[Records from a data source]
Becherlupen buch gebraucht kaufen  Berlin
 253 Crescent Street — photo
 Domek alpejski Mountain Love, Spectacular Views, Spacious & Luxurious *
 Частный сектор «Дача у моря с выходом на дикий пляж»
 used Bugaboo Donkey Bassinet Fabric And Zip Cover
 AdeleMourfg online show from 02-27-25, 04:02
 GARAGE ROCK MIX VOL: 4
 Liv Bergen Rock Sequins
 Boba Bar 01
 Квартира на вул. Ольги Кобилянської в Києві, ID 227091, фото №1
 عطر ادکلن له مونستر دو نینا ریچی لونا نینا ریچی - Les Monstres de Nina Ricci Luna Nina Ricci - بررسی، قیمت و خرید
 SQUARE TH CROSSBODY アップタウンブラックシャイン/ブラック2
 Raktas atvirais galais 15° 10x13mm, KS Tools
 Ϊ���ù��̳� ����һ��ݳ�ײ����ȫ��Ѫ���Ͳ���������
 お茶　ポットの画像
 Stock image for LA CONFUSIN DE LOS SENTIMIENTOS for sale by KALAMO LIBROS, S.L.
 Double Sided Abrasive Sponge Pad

→ BRIEF
Transcribe exactly, starting at the line with "Raktas atvirais galais 15° 10x13mm, KS Tools" and continuing through the last line of the data above; leave out all earlier lines.

→ RESPONSE FOR THIS EXERCISE
 Raktas atvirais galais 15° 10x13mm, KS Tools
 Ϊ���ù��̳� ����һ��ݳ�ײ����ȫ��Ѫ���Ͳ���������
 お茶　ポットの画像
 Stock image for LA CONFUSIN DE LOS SENTIMIENTOS for sale by KALAMO LIBROS, S.L.
 Double Sided Abrasive Sponge Pad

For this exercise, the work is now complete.